Antes de tudo, é necessário dizer que não tenho a menor intenção de ditar regras aos queridos escritores. Sou apenas mais uma a sentar nos ombros desses gigantes. A ideia, aqui, é apenas de descrever aquilo que permanece invariável no conto. Mesmo depois de diversas mutações ao longo da história, uma estrutura básica tem se perpetuado. E a partir desta base foram estabelecidos critérios que determinam quando um texto literário pode ser ou não considerado um conto. É também pensando nela que Massaud Moisés* afirma: “os contos não são contos porque têm poucas páginas, mas, ao contrário, têm poucas páginas porque são contos”¹.

Durante o Romantismo, o conto ainda era vinculado à ideia de narrativa popular, à história que fosse inverossímil ou fabulosa. Até aí, a maioria dos autores usavam outros termos, tais como: narrativa, episódio, lenda, história, novela, etc. Basta lembrar que Edgar Allan Poe usou o termo “tale”, que teria o significado de narrativa popular, no seu livro de contos intitulado “Tales of the Grotesque”. Somente ao final do século XIX, com o Realismo, “o conto literário entrou a ser cultivado amplamente, iniciando um processo de requintamento formal que não cessou até os nossos dias”¹. Aí, sim, o termo “conto” se firmou e passou a ser adotado pelos escritores, sem maior hesitação.

Pois, feitas todas essas considerações, podemos, enfim, dizer que o que caracteriza o conto é o fato de ele ser uma “célula dramática”. Há apenas um conflito, um núcleo, uma ação principal que exerce uma força centrípeta e que condiciona todos os outros ingredientes da narrativa. Não é senão por isso que, no conto, predomina a unidade de espaço, de tempo, de efeito no leitor, assim como a existência de poucos personagens e, consequentemente, um tamanho menor da narrativa. Por isso, também, que digressões e descrições longas são evitadas, afim de não afastar o leitor da tensão do conflito. Em resumo, “o núcleo do conto é representado por uma situação dramaticamente carregada; tudo mais à volta funciona como satélite (…), existe em função dele”¹. Esta seria a característica-base deste gênero literário.

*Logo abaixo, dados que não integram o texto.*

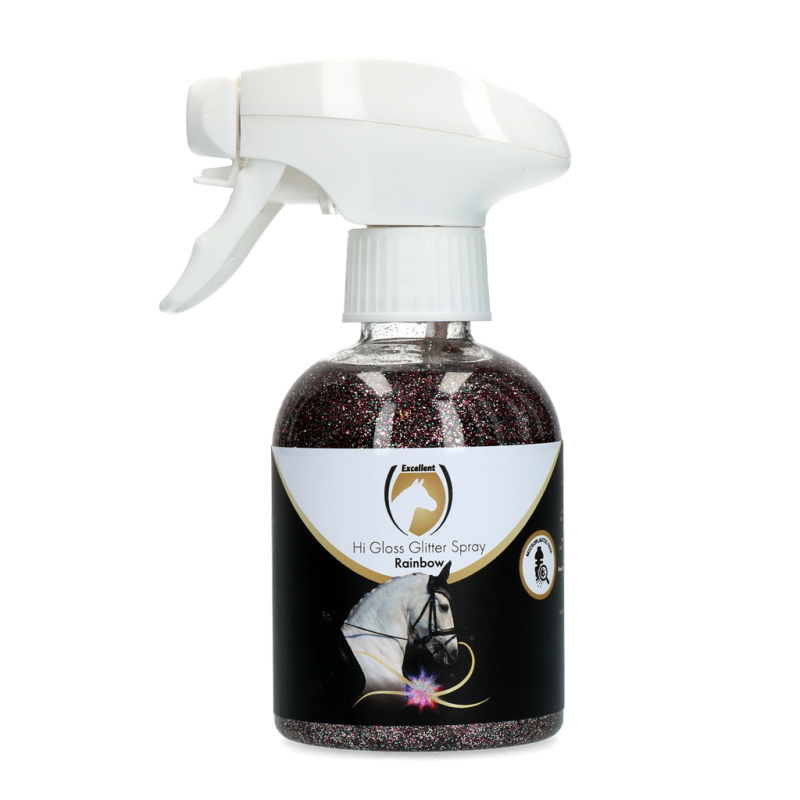Excellent Horse Hi Gloss Spray pailleté arc-en-ciel 250 ml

Edgar Allan Poe já pregava que a força do conto deveria estar no seu epílogo. O desenlace, muito bem amarrado com todo o resto, que surpreenderia à maneira do “estalo do chicote”. Era esta a forma tradicional.  Mas foi com Anton Tchekhov que surgiu o conto moderno. Tchekhov preconizava que, ao escrever um conto, dever-se-ia cortar o início e o fim.  E sem mais usar explicações, desculpas, nem referências ao tempo e ao espaço. Nada mais. O leitor mergulharia de cabeça na ficção. Teríamos, então, a predominância do diálogo e a frequente ausência de introdução à situação a ser retratada. Vem daí a tendência dos contos atuais em evitar o enredo e em ter o desfecho aberto – “os conflitos não são resolvidos. O leitor supõe que a história ultrapassa os limites ficcionais”¹. O conto, nesse caso, assemelha-se a um retalho do cotidiano.

No estilo tradicional de Poe, na revolução de simetria de Tchekhov ou em qualquer outra variação, é certo que a estrutura básica do conto se mantém. O tamanho, logicamente, ajuda na sua definição. Mas, quando a narrativa adquire uma dimensão que possa se confundir com uma novela, por exemplo, seriam esses critérios “qualitativos”¹ (e não quantitativos) os capazes de distinguir um gênero literário do outro. E só aí tiraríamos a pulga de detrás da orelha.

*Massaud Moisés é professor titular da Universidade de São Paulo e autor de várias obras importantes de história e teoria da Literatura.

 

1 MOISÉS, Massaud. A Criação Literária: Prosa I. 19ª ed. São Paulo: Cutrix, 2003.